With the streamlined Mays, Lyons, Arden adaptation, Dickens’ prose is steadfast, ironic, cryptic, paired down to an acute sensibility so that Mays vibrates his instrument to produce Scrooge, Marley, all the Cratchits, his nephew Fred, Scrooge’s sister, Fezziwig, the Christmas spirits, Londoners and other souls and beings with pointed, sonorous, gravelly, delicate, squeaky, smooth, guttural vocal modulations. In other instances with a mere look, smile, shake of the head, shrug of the shoulders or flip of the hand, we see each member of the Cratchit family sitting around the dinner table. The scene is the centerpiece of Mays’ wit and whimsy assisted by no special effects because he IS the master of the “stuff” of kinetic presentation.

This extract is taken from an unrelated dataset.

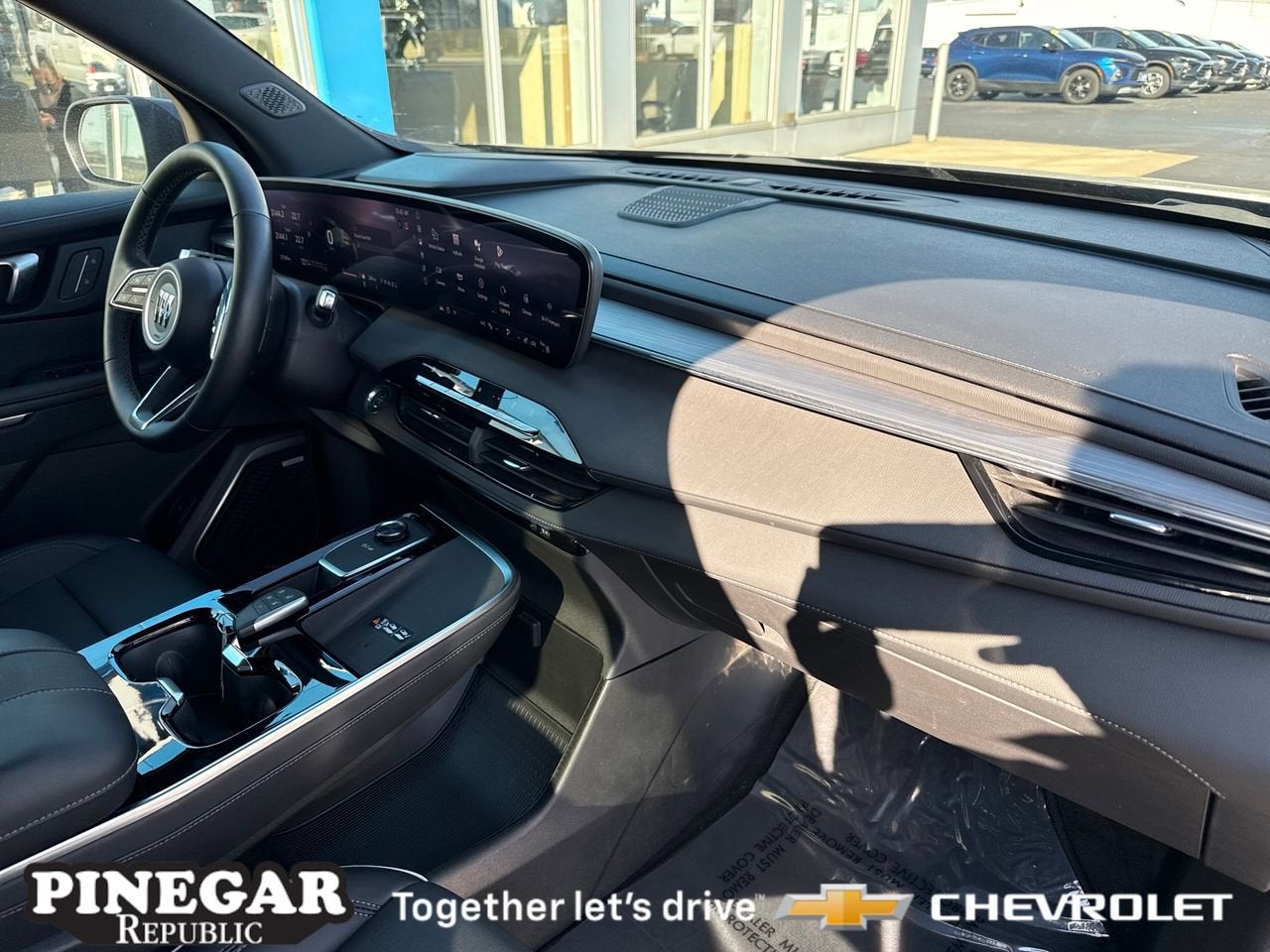 2025 Buick Enclave Preferred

Jefferson Mays in A Christmas Carol (courtesy of A Christmas Carol Live)

All these lovely and frightening individuals are authentically realized, as Mays fuses various genders, ages, mortals and immortals seamlessly with heartfelt, poignant and unmistakable generosity, a veritable melting pot of democracy. To say that Mays pours out every cell of his being to clarify Dickens’ message to update it for our time, is an understatement. With humanity he filters through his own soul the two most mortal of sins (a denial of God’s commands to love Him and love thy neighbors). Effecting this, Mays materializes and elucidates the stark, craven distinctions between the haves and have nots. Even Dickens, who railed at the predation of the owner class upon the worker class, shoved into debtors prisons and workhouses, would be proud to see what his words have wrought in Mays’ prophetic and brilliant enactments.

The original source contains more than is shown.